2/ The Committee has used the guidelines in an implicit and an explicit form. Implicitly, you will see that the findings of the committee are very closely aligned with the guidelines in aspects such as the decriminalisation of drug use, the understading that harm reduction is part of the right to health, and at least in regards to South Africa and Colombia the Committee has found that herbicides cannot be used to spray illicit crops unless you follow the principle of precaution, and without providing alternative income to producers. We have also mentioned them explicitly in the concluding observations on Benin.

3/ The use of the Guidelines by the Colombian judiciary. The Guidelines have been cited explicitly in 3 important rulings. Two rulings by the Constitutional Court – in 2018 they were cited as providing an auhtoritative summary of international standards on drug policy, in a ruling that resulted in declaring inconstitutional the criminalisation of any drug use in any space. In another ruling, the Constitutional Court stated that any spraying should incorporating the principles established in the Guidelines, particularly the principle of precaution.

4/ How can the Guidelines be used. In many ways – as a supportive document, i.e. not as a legal document that provides the key ratio decidendi, but as an add-on to the reading of the law; and in itself as an authortative documen.  As years go by the value of the Guidelines as a normative document will increase’.

Teresa Caeiro (Portugal).  ‘For many years, it has been agreed at European and UN level that the response to drug trade must be implemented in compliance with human rights. However, the focus has been mostly directed to state obligations, with some limitations on practical use. There has been an increasing discussion on creating human rights indicators for drug policies, and the Guidelines are major step in that direction.

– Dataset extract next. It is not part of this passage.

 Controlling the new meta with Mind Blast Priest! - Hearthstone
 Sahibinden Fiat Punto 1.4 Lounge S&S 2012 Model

The Pompidou Group, which is part of the Council of Europe, is in a unique position to make a contribution to this issue. We created an expert group that should develop a self-assessment tool to let each country understand the human rights situation related to drugs. We have started working since June 2020. The tool is not intended to compare countries or to identify violations, but to provide an assessment of law, practices, etc., to make concrete human rights progress. The Pompidou Group will publish the tool, but will not compile information on how it is implemented.

We are conscious of the existing reporting obligations and the high workloads for public officials. So we did not create more obligations or standardised indicators. The application of the tool will make it easier to understand how drug policies impact human rights, and will provide guidelines on the implications of human rights in the development of drug policies. With this tool, we want to complement the Guidelines .

Karen Dumpit. (Human Rights Commission PH). ‘Looking forward to work with the UN in the context of the UN joint programme on capacity-building on human rights to the Philippines. We have plans to bring home the International Guidelines.’

Boyan Konstantinov (UNDP). ‘The International Guidelines are important to UNDP because we are one of the co-sponsors of UNAIDS, as well as for UNDP’s broader development mandate. Drug policies have huge implications on development’.

Benny Muller (Switzerland). ‘For me the two main issues for traditional drug policies and practices are (1) the destructive impact of punitive lwas, and (2) the failure of these policies at their own goals. This is why we are co-sponsoring the Guidelines, and are encouraged that they are being successful.

Emily Christie (UNAIDS). ‘UNAIDS just released a new strategy that highlights the role of human rights HIV/AIDS prevention, treatment, and care. We will continue to support the development of the Guidelines in the coming years’.

Alberta Borg (Malta). ‘The Guidelines are particualrly important for people belonging to marginalised groups. They are not a theoretical document, but provide practical guidance. They have been successfully implemented by courts, practitioners, and adovcates, from development to criminal justice and health. These are tools to place people at the centre of drug policies. So let’s keep promoting the use of these Guidelines across the world’.